─── Data for this task ───

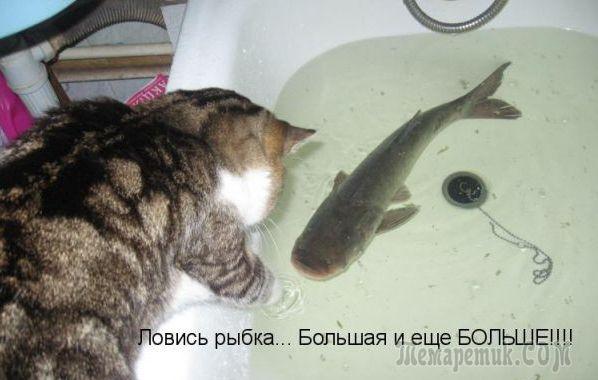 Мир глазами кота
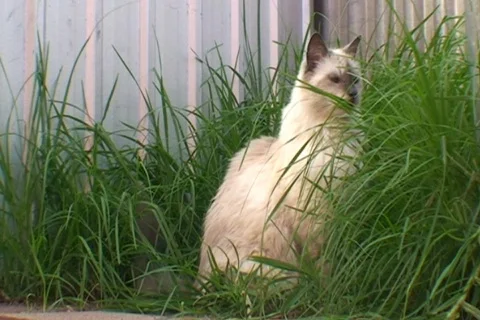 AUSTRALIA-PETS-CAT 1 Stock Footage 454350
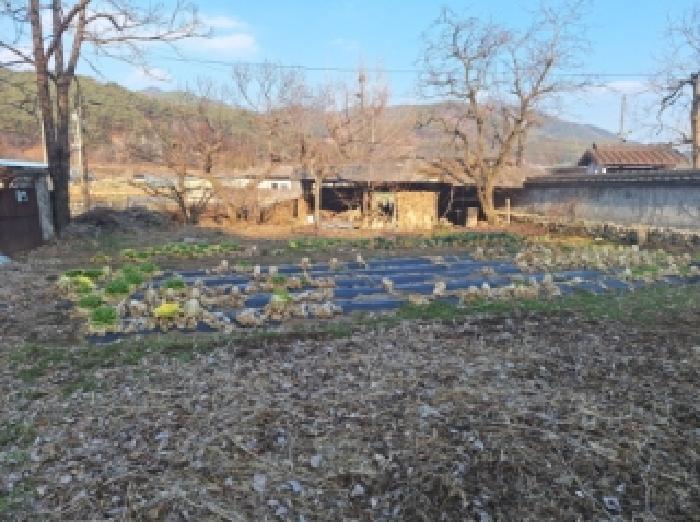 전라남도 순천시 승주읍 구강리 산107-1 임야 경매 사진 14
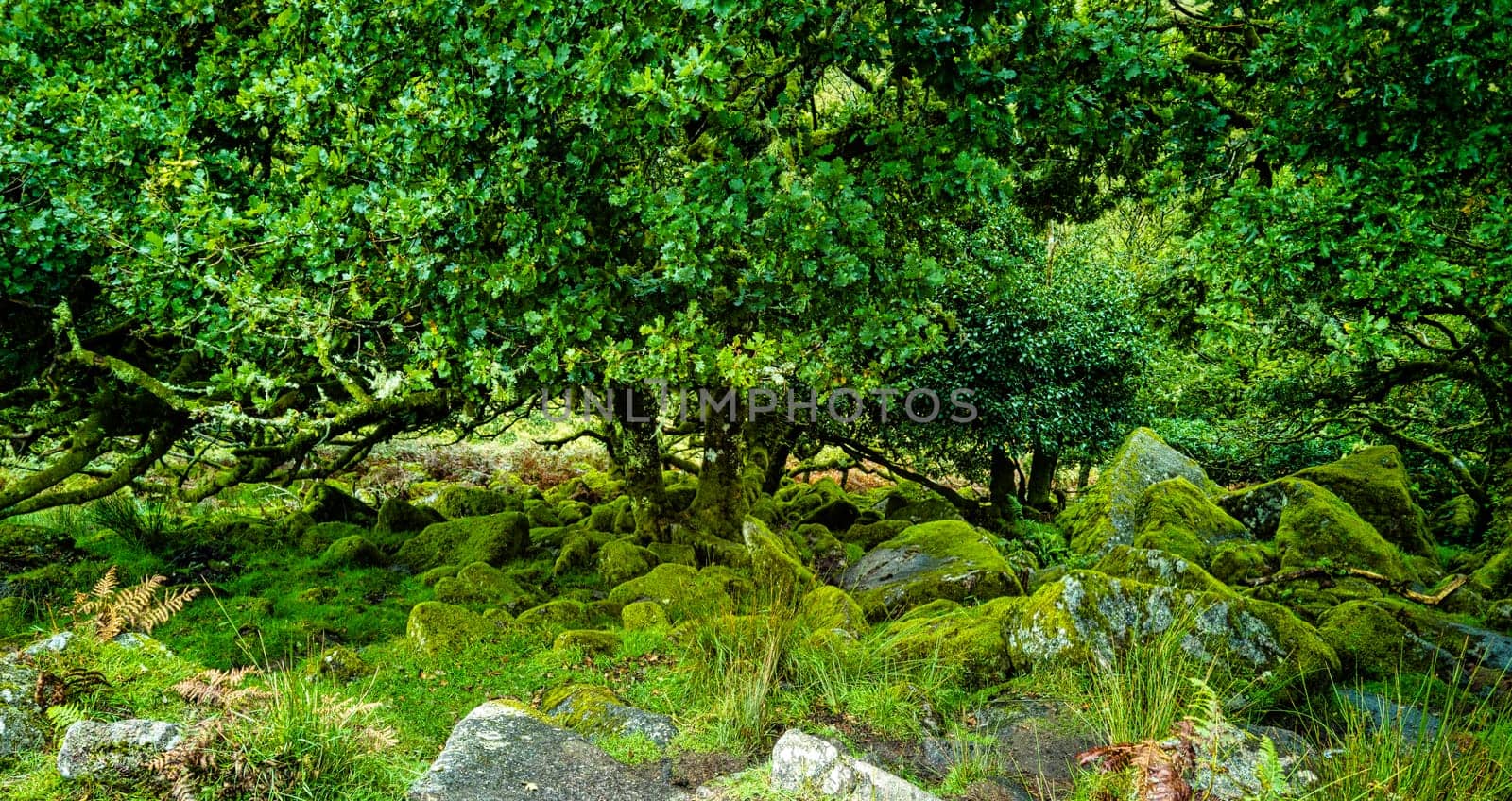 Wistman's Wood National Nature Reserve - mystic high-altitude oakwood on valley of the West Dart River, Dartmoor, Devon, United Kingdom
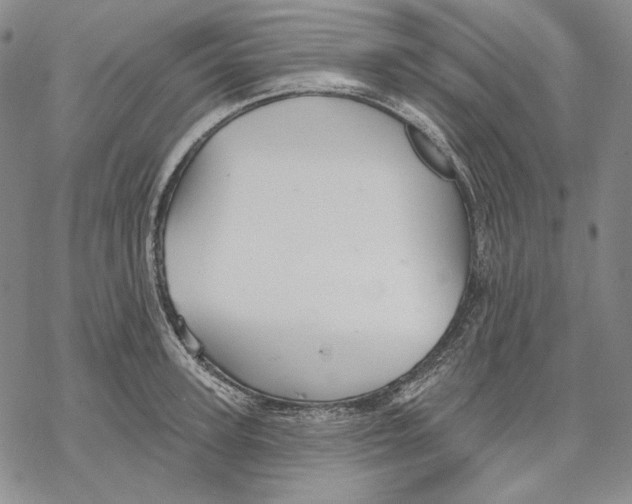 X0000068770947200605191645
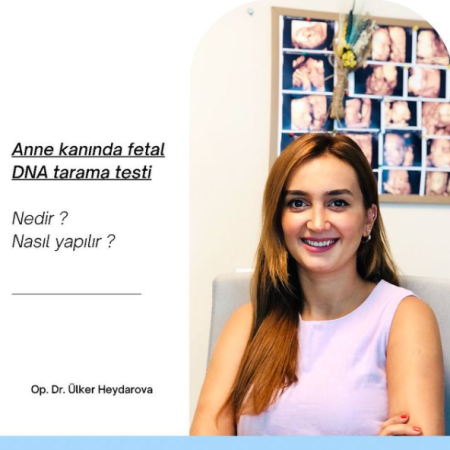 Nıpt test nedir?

───

Beginning with the line that contains "AUSTRALIA-PETS-CAT 1 Stock Footage 454350" and ending with the last line of the data above, output those lines exactly and nothing more, without any pictures.

 AUSTRALIA-PETS-CAT 1 Stock Footage 454350
 전라남도 순천시 승주읍 구강리 산107-1 임야 경매 사진 14
 Wistman's Wood National Nature Reserve - mystic high-altitude oakwood on valley of the West Dart River, Dartmoor, Devon, United Kingdom
 X0000068770947200605191645
 Nıpt test nedir?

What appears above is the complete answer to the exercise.